### EXERCISE DATA
○ ○ ○ ○

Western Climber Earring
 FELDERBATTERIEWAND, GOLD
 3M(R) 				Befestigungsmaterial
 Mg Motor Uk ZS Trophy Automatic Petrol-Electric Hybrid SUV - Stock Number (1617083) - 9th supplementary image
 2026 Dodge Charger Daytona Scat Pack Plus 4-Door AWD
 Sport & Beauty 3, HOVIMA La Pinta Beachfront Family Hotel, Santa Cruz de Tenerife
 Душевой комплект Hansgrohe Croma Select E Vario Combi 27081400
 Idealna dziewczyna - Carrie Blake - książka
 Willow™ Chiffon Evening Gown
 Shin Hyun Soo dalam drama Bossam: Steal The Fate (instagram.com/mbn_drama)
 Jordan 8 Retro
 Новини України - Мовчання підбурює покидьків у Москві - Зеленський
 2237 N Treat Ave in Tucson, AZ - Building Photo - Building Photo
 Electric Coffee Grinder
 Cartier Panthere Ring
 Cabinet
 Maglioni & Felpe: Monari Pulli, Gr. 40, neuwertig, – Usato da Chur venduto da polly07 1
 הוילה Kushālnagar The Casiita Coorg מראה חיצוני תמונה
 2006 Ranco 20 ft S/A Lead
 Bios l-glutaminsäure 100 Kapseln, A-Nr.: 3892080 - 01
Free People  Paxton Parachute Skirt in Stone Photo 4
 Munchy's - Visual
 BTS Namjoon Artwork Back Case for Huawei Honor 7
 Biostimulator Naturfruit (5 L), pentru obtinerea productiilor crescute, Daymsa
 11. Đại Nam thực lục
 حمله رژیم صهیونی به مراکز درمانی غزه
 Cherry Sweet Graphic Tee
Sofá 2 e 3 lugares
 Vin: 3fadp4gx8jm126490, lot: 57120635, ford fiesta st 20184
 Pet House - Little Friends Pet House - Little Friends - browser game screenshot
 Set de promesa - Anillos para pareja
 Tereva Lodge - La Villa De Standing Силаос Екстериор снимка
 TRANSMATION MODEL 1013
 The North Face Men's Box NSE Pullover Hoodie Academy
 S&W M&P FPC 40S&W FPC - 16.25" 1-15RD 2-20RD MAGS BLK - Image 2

○ ○ ○ ○

### WHAT IS NEEDED
Would you please reproduce every line from the one containing "Stone Photo 4" through the final line of the listing, and only those lines?

### RESPONSE TO THE TASK
Free People  Paxton Parachute Skirt in Stone Photo 4
 Munchy's - Visual
 BTS Namjoon Artwork Back Case for Huawei Honor 7
 Biostimulator Naturfruit (5 L), pentru obtinerea productiilor crescute, Daymsa
 11. Đại Nam thực lục
 حمله رژیم صهیونی به مراکز درمانی غزه
 Cherry Sweet Graphic Tee
Sofá 2 e 3 lugares
 Vin: 3fadp4gx8jm126490, lot: 57120635, ford fiesta st 20184
 Pet House - Little Friends Pet House - Little Friends - browser game screenshot
 Set de promesa - Anillos para pareja
 Tereva Lodge - La Villa De Standing Силаос Екстериор снимка
 TRANSMATION MODEL 1013
 The North Face Men's Box NSE Pullover Hoodie Academy
 S&W M&P FPC 40S&W FPC - 16.25" 1-15RD 2-20RD MAGS BLK - Image 2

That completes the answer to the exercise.